Zhao Bo sips coffee in a cafe in Beijing's Jianguomen area as she reflects on the position she and her contemporaries occupy in China's literary scene.

"Green Tea" (Lu Cha), by Jin Renshun.
She is a woman of soft features, equalled only by her soft East China accent. Dressed in a suit with high boots, at 33, Zhao is the author of about 13 collections of novelettes and essays.

"The creative writing scene in China was growing stale. I think we breathed some fresh vitality into it," says Zhao.

Over the past decade, the number of writers that were born in the 1970s has mushroomed. Their writings represent thoroughly different concerns and values when compared to the writings of elder generations.

It is a habit of Chinese literature to group writers with a common tag. The title they use to refer to these young writers is simply, "Writers Born in the 1970s." The presence of this group has drawn a lot of media and literary critics' attention.

Why so different?

The mere fact they were born in the 1970s makes a world of difference.

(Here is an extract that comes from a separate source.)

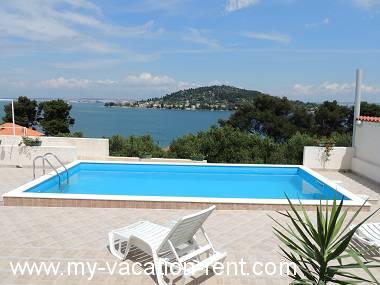 Kroatië - Istrië - Inner Istrië - Kali - appartement #3250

"Morning Dew on the Road" by Zhao Bo [baidu]

Zhao Bo, 33, the writer of the novel, "Morning Dew on the Road"
For one thing, people born in the 1970s, especially in the early part of the decade, belong to a generation that has seen dramatic changes.

"They grew up in a period of radical changes," said Shi Kang, a writer born in 1967, in an article analyzing the psychology of the born-in-the-1970s generation.

Though only several years older, Shi believes he belongs to a different age.

"When they were young, they experienced a period when there was a scarcity of things to choose from and when commodities were rationed. But as they grew older they found themselves surrounded by an explosion of wealth and commodities," Shi said.

The idealism of the age saw marked changes as well. For example, they learned in schools that the collective interests of society transcended individual need, but they grew up to see personal desire released and advocated.

"Things seem to have changed overnight and still seem to be changing," Shi said.

Such a sense of change is unavoidable for Chinese writers in their 30s. It helps them form a different view of life, which is reflected in the books written by their generation.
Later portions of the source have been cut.